If you don't identify it, please post your linker script. The second Program Header file size is huge. Something in the script is trying to pad the sections in order to (somewhat) align them in physical memory. The results look very familiar and I think I have suffered the same problems.

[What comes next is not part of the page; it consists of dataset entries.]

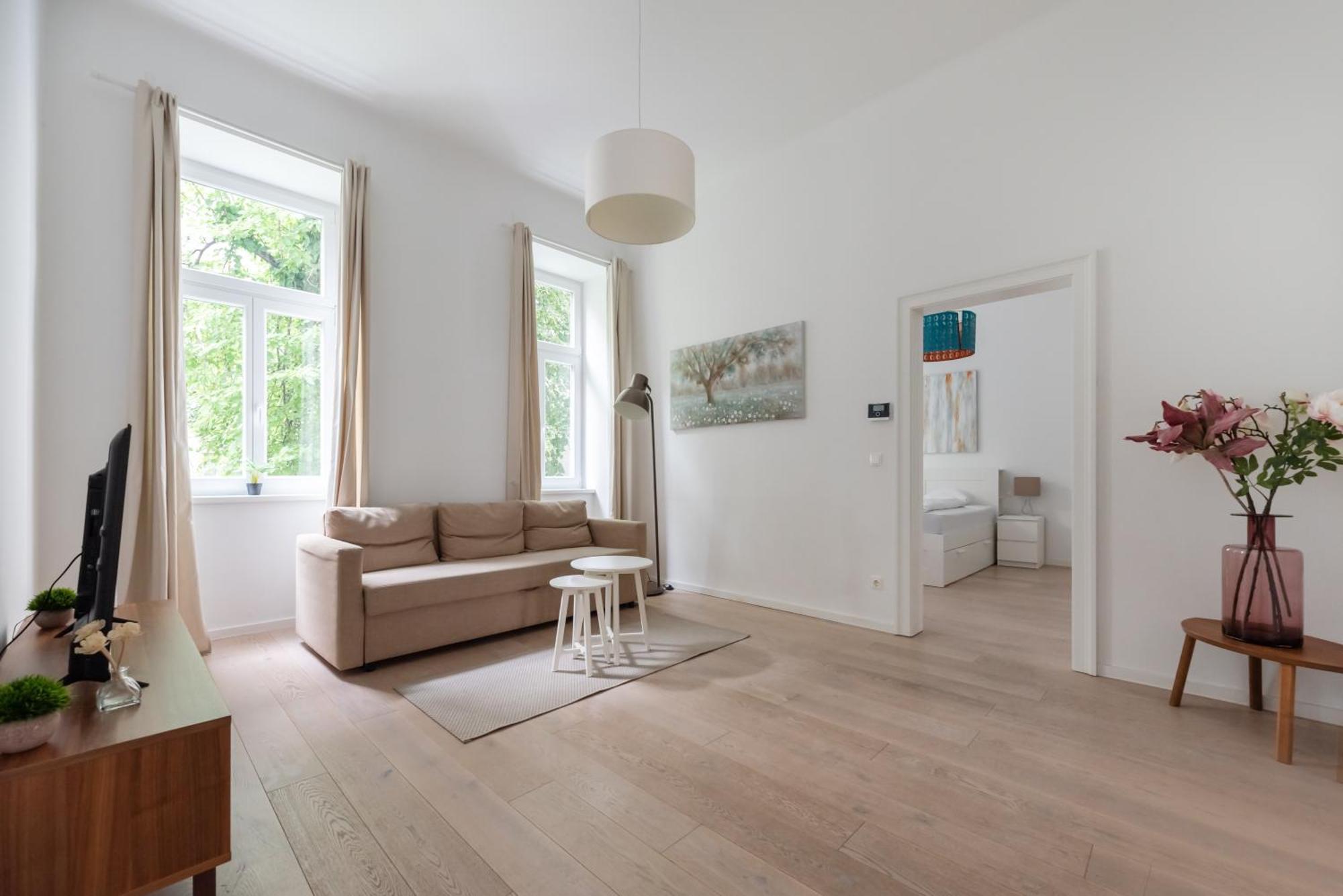 Cozy Apartment In The Charming Cottage Quarter Wiedeń Zewnętrze zdjęcie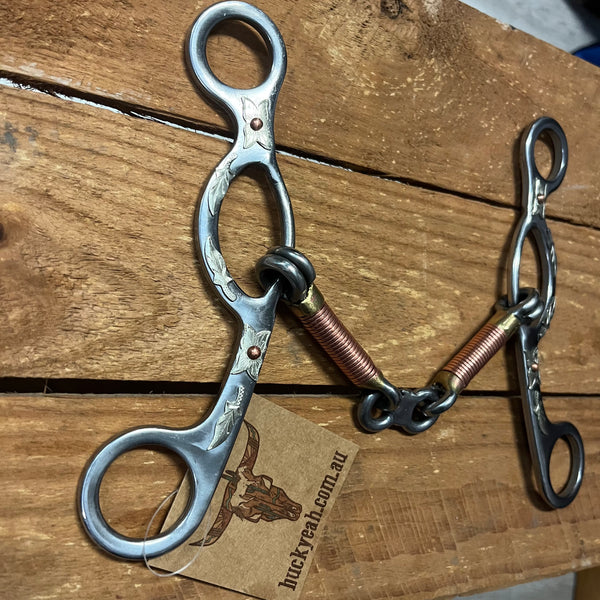 Argentine Gag with dogbone mouth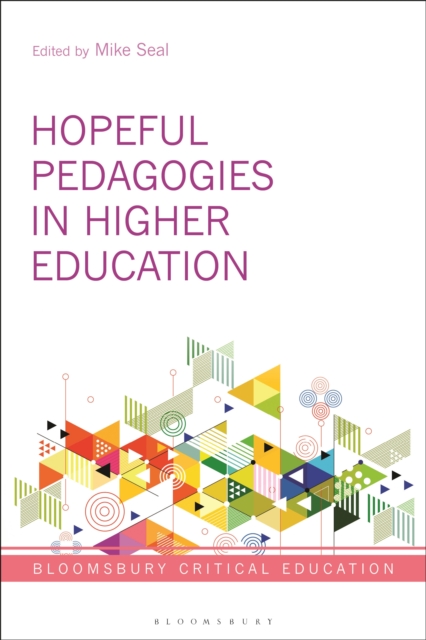 Hopeful Pedagogies in Higher Education, PDF eBook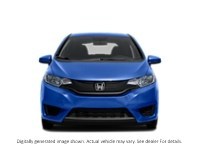 2016 Honda Fit 5Dr Hb CVT LX Exterior Shot 6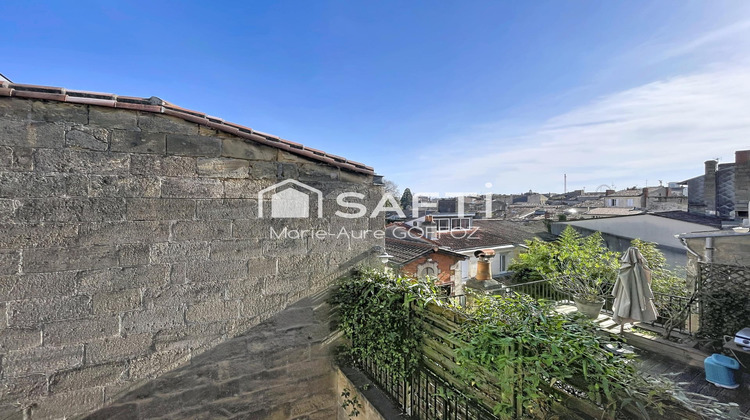 Ma-Cabane - Vente Appartement Bordeaux, 25 m²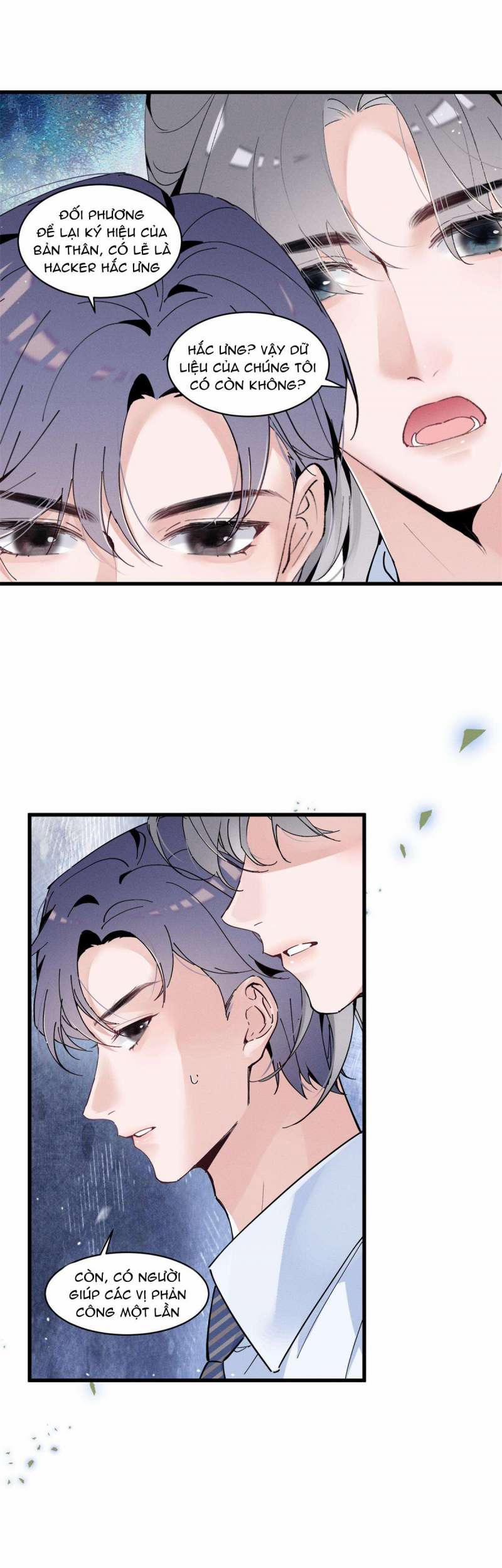 Phu Nhân, Thân Phận Của Người Lộ Rồi 14 trang 17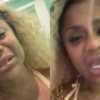 Vídeo: Cariúcha aparece chorando nas redes sociais e acusa médico famoso de agressão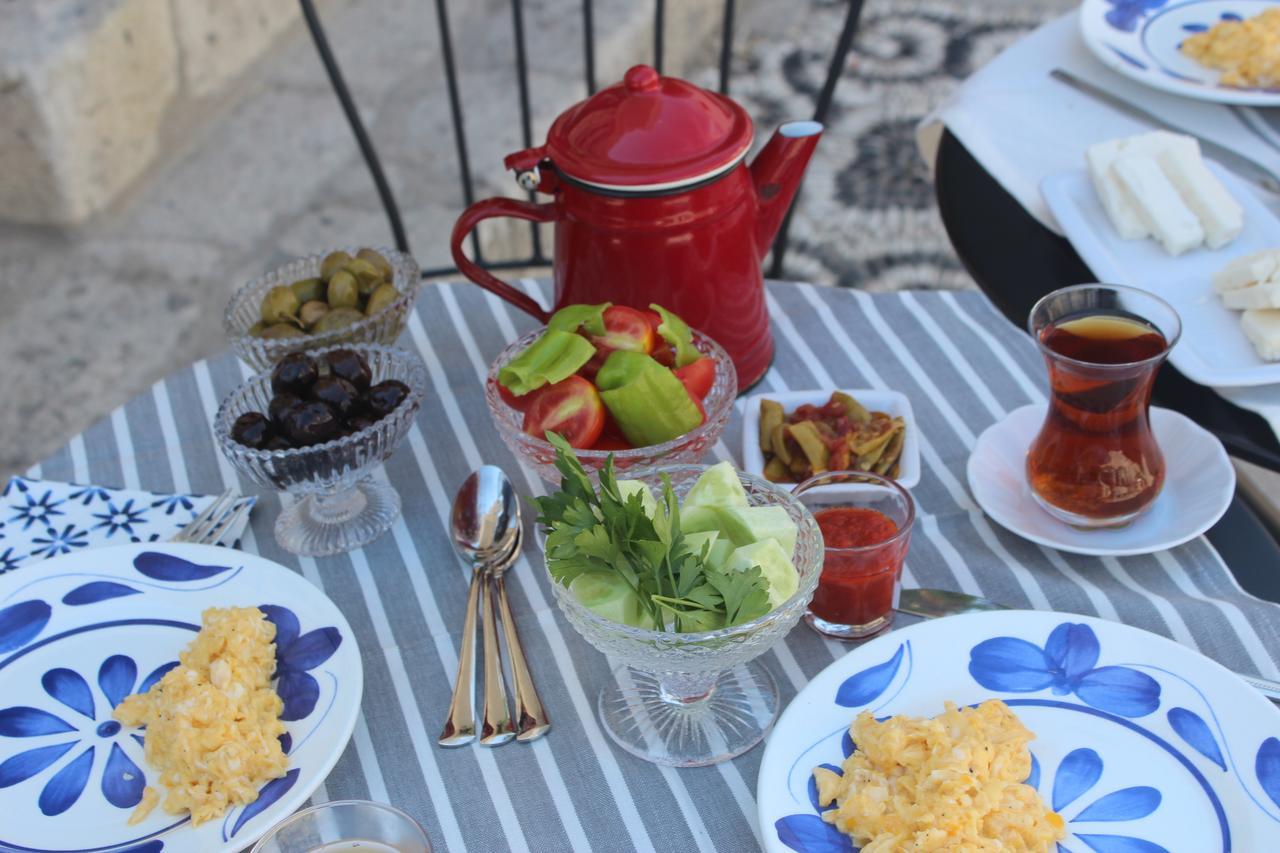 Salyangoz Bed and Breakfast Alaçatı Buitenkant foto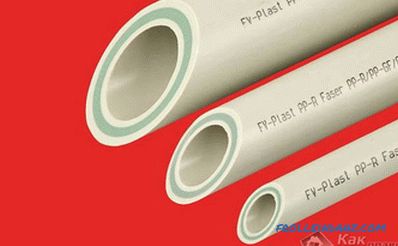 What polypropylene pipes to choose - brands of polypropylene pipes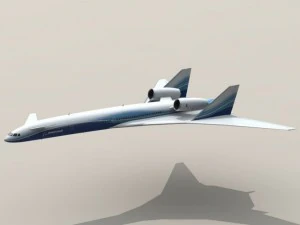 소닉 크루저 3D 모델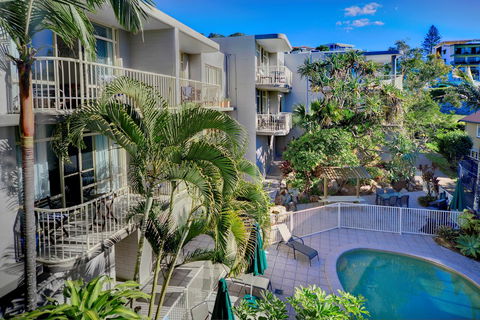 Surf Dance Apartments - C Tourism 0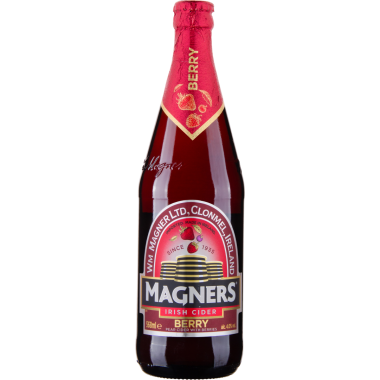 Berry Cider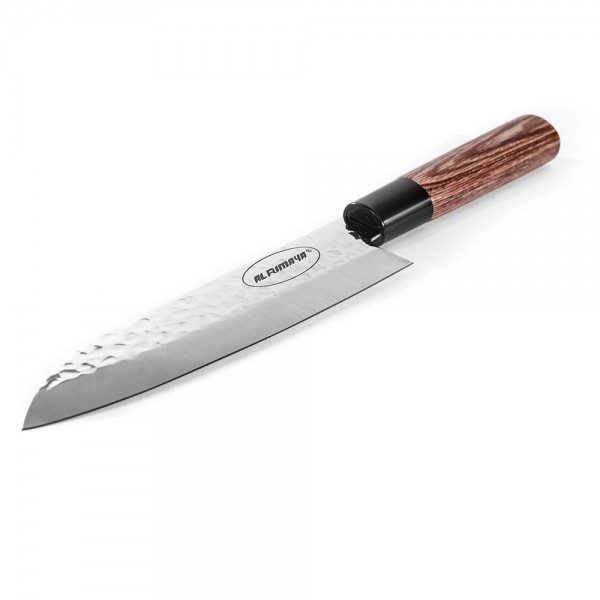 سكين مطبخ الشيف جيوتو  طول النصل 16.5 سم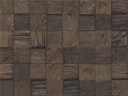INDO rustikale Holzwandverkleidung Teak Classic CUBe ETC 92 CH Sulawesi
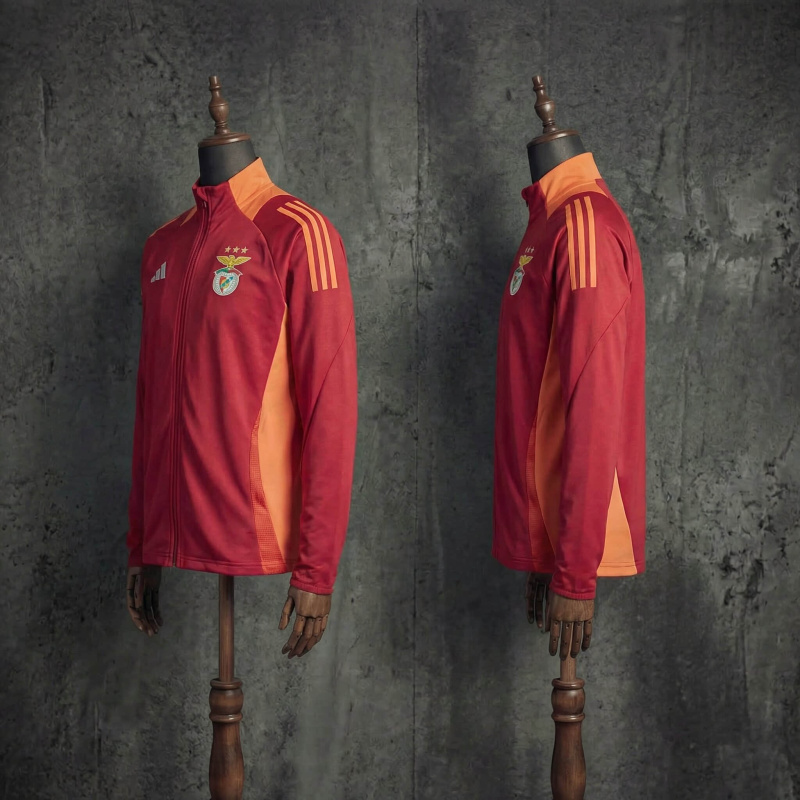 Benfica 2026 Jacket Training Suit Sizes S-XXL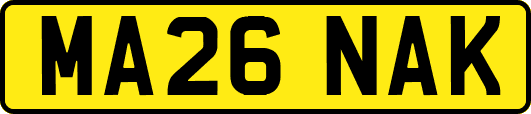 MA26NAK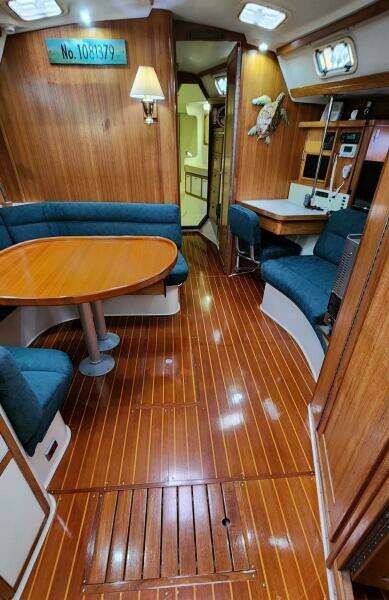 1998 Catalina 42 mark II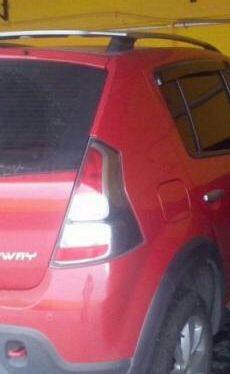 Renault Sandero Step Way aut.  - Carros - Centro, Niterói | OLX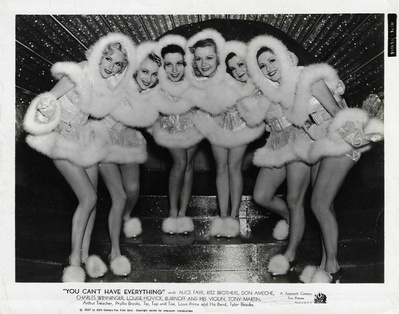 你不能拥有一切剧照的剧照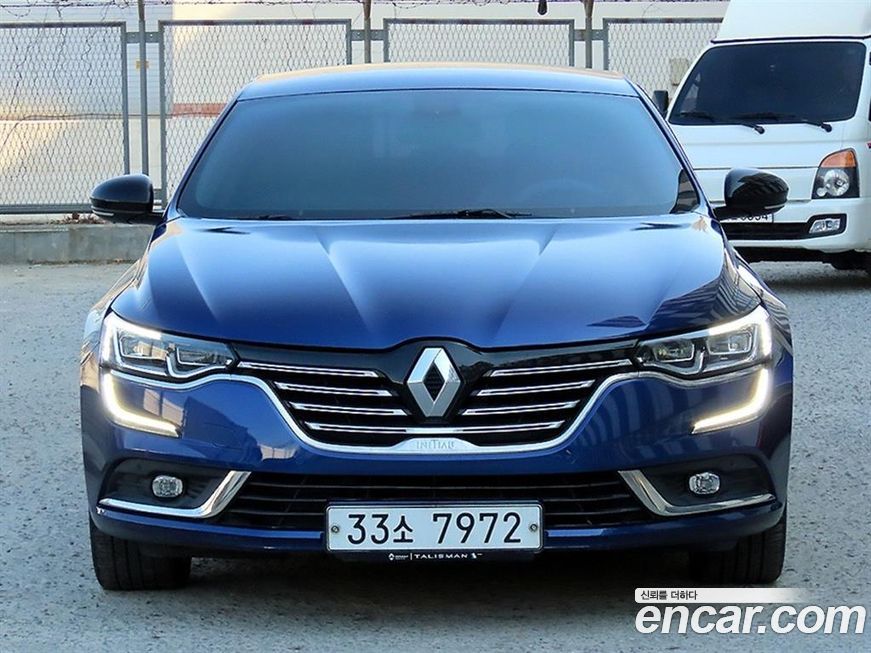 Renault-KoreaSamsung SM6 2019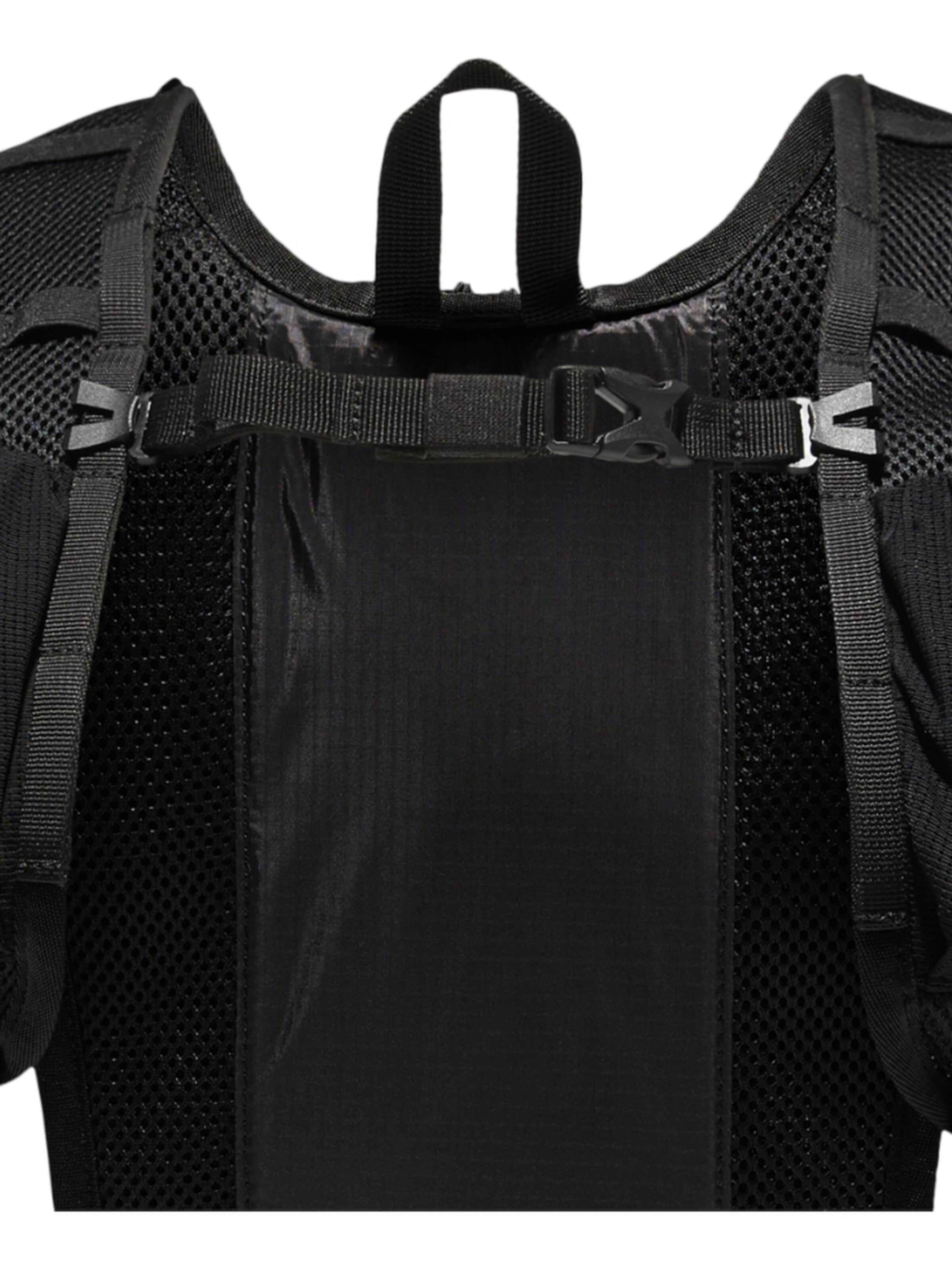 ASICS Backpack 'Asics  Running 2.0' in Black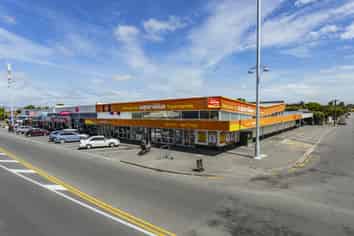 Retail First Chance in 60 Years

Octacone · Post by **Octacone** » Wed Jul 11, 2018 12:51 pm

Here it is:

Code: Select all

ENTRY(Pre_Kernel_Main_Lower_Half)
OUTPUT_FORMAT("elf32-i386")
SECTIONS
{
    . = 0x100000;
    .text_lower_half :
    {
        Objects/Kernel_Assembly.o(.text_lower_half)
        Objects/Higher_Half.o(.text)
    }
    .rodata_lower_half :
    {
        Objects/Higher_Half.o(.rodata)
    }
    .data_lower_half :
    {
        Objects/Kernel_Assembly.o(.data_lower_half)
        Objects/Higher_Half.o(.data)
    }
    .bss_lower_half :
    {
        bss_start_lower_half = .;
        Objects/Higher_Half.o(.bss)
        Objects/Higher_Half.o(COMMON)
        bss_end_lower_half = .;
    }
    higher_physical_start = ABSOLUTE(ALIGN(0x1000);
    . = 0xC0000000;
    .text_higher_half : AT(higher_physical_start)
    {
        Objects/Kernel_Assembly.o(.text_higher_half)
        *(.text)
    }
    .rodata_higher_half :
    {
        start_constructors = .;
        *(SORT(.ctors*))
        end_constructors = .;
        *(.rodata)
    }
    .data_higher_half :
    {
        *(.data)
    }
    .bss_higher_half :
    {
        bss_start_higher_half = .;
        Objects/Kernel_Assembly.o(.bss_higher_half)
        *(.bss)
        *(COMMON)
        bss_end_higher_half = .;
    }
    kernel_end = ABSOLUTE(.);
}

Btw 8 MB sounds reasonable because I use PAE which means a lot of space wasted on page tables and what not + a duplicate of that for the lower half.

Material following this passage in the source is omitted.